• _Task brief_: Retype the data exactly, skipping any picture in it.

Image-caption web data
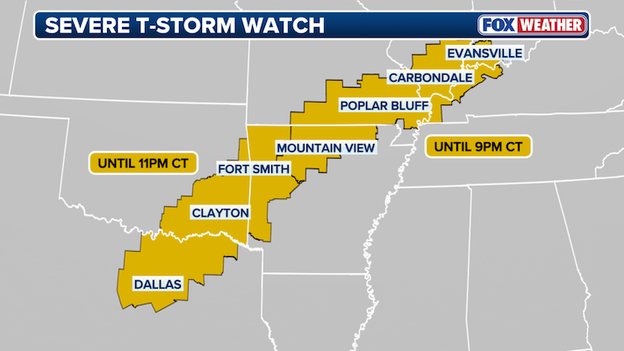Severe Thunderstorm Watch issued across parts of Texas, Oklahoma and Arkansas
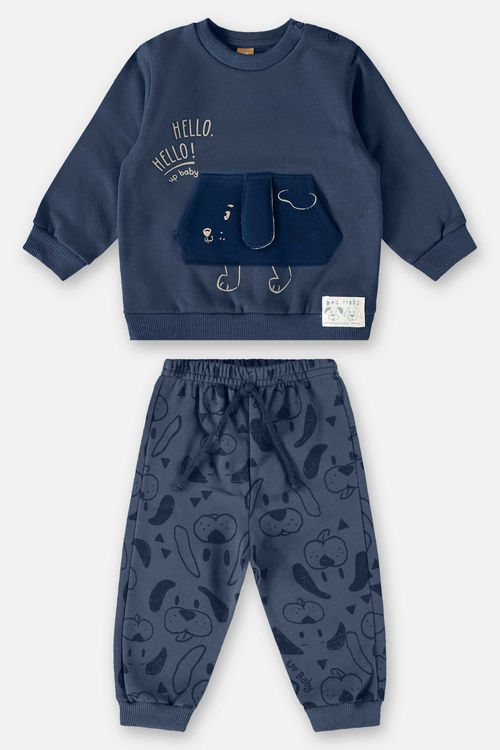 Conjunto Blusão e Calça Bebê Menino (Azul Marinho) Up Baby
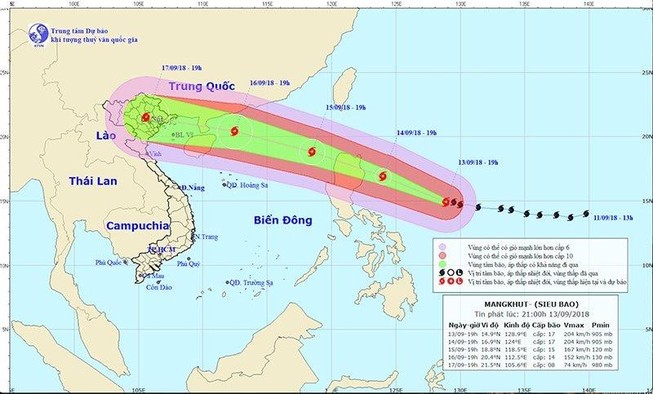 Siêu bão Mangkhut sẽ gây mưa to ở Bắc bộ và Bắc Trung bộ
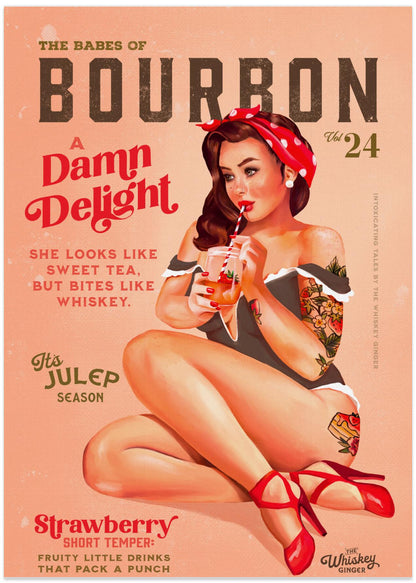 Bourbon Babes Vol 22 Vintage Pinup Girl Drinking A Cocktail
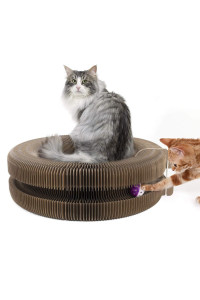 Pawaboo Cat Scratcher Lounge Bed, Multifunctional Collapsible High-Density Corrugated Cardboard Scratching Toy Pad Lounge Round Bed with Built-in Round Bell Balls for Cat Kitty Kitten, Beige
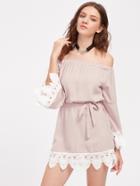 Romwe Off Shoulder Lace Hem Dress With Belt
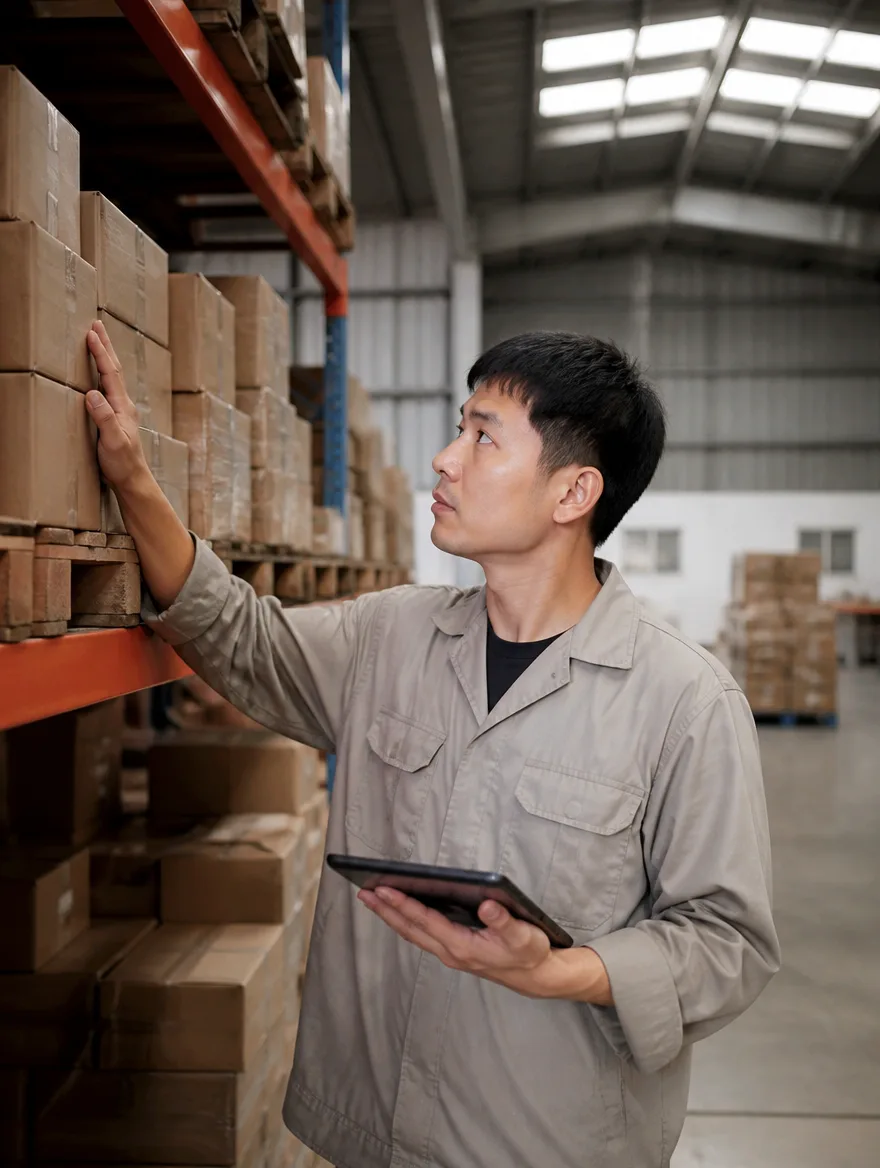 Nhân sự kho vận kiểm hàng tại doanh nghiệp phân phối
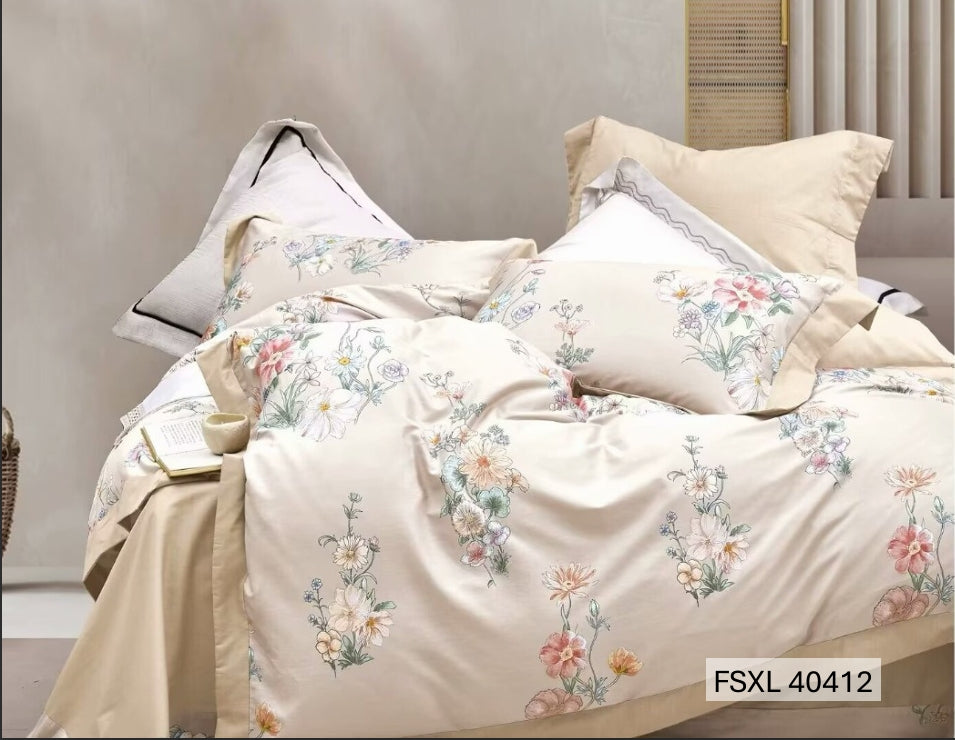Cream bedding with fine botanical wildflower sprigs, Four Seasons 350TC FSXL 40412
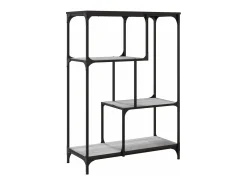 Estantería madera de ingeniería y acero Sonoma gris 81x36x115cm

• _Solved exercise_:
Severe Thunderstorm Watch issued across parts of Texas, Oklahoma and Arkansas
 Conjunto Blusão e Calça Bebê Menino (Azul Marinho) Up Baby
 Siêu bão Mangkhut sẽ gây mưa to ở Bắc bộ và Bắc Trung bộ
 Bourbon Babes Vol 22 Vintage Pinup Girl Drinking A Cocktail
 Pawaboo Cat Scratcher Lounge Bed, Multifunctional Collapsible High-Density Corrugated Cardboard Scratching Toy Pad Lounge Round Bed with Built-in Round Bell Balls for Cat Kitty Kitten, Beige
 Romwe Off Shoulder Lace Hem Dress With Belt
 Nhân sự kho vận kiểm hàng tại doanh nghiệp phân phối
Cream bedding with fine botanical wildflower sprigs, Four Seasons 350TC FSXL 40412
 Estantería madera de ingeniería y acero Sonoma gris 81x36x115cm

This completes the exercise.